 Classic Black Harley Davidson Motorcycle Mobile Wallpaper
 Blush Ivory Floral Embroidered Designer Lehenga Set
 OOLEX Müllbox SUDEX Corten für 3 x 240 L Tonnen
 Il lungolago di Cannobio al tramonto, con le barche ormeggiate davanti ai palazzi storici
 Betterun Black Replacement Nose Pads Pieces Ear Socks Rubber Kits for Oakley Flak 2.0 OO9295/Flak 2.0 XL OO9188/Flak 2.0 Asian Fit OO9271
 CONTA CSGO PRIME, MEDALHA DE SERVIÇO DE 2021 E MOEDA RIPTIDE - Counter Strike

...

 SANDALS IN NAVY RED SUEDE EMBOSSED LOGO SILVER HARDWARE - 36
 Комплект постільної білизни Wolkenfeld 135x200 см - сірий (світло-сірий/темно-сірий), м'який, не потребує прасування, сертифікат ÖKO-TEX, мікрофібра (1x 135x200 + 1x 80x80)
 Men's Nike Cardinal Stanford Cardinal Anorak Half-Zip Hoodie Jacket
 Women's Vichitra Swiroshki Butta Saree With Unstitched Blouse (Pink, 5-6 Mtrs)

:: ASSIGNMENT ::
Your answer should be the lines of the listing above between the line holding "Комплект постільної білизни" and the line holding "Men's Nike Cardinal", inclusive, restated word for word and alone.

:: ANSWER FOR THE TASK ::
 Комплект постільної білизни Wolkenfeld 135x200 см - сірий (світло-сірий/темно-сірий), м'який, не потребує прасування, сертифікат ÖKO-TEX, мікрофібра (1x 135x200 + 1x 80x80)
 Men's Nike Cardinal Stanford Cardinal Anorak Half-Zip Hoodie Jacket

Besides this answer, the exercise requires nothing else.